Starting in December 1982, Catania was a member of the women's committee of the Chicago 1992 World's Fair. She also served on the advisory committee, formed in July 1983, of Harold Washington, who by then had been elected mayor of Chicago. In spring 1983, Catania was a fellow at the Harvard Institute of Politics for six months, studying women in politics. On June 7, 1984, she testified before the US Senate Committee on Foreign Relations during a hearing regarding the role of women in the economic development of the Third World. During the 1984 Republican National Convention, Catania gained national attention as the only delegate who refused to support the Reagan–Bush slate. In 1986, she ran in the at-large election to be a member of the Cook County Board of Commissioners representing Chicago, succeeding in the primary to be one of ten Republican nominees, but losing the general election. During Chicago's mayoral election in 1987, she was mentioned as a potential candidate for the Republican primary.
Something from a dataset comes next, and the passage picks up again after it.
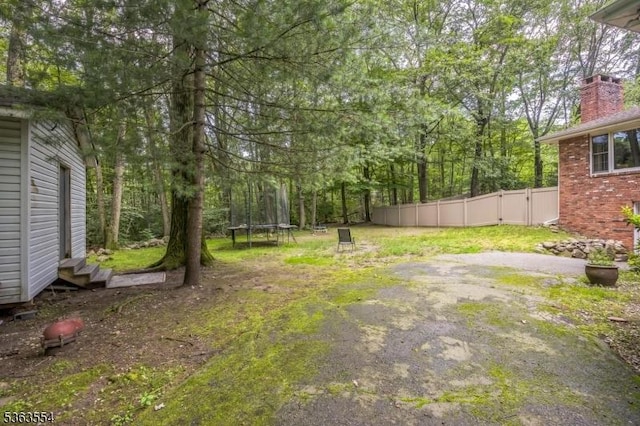 3 Christine Ct, Kinnelon Boro, NJ 07405 - view of yard featuring a trampoline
By 1992, Catania ran her own consulting firm. She helped open a daycare center for state employees in Chicago. During the 1992 elections in Cook County, she was the Republican nominee for recorder of deeds, losing the election to Democratic nominee Jesse White.

Later life 

By 1995, Catania worked for the Department of Children and Family Services. As the Cook County family development coordinator, she was responsible for establishing foster-care homes. By 1998, she worked for the Department of Human Services, overseeing the state's program for preventing and responding to sexual assault.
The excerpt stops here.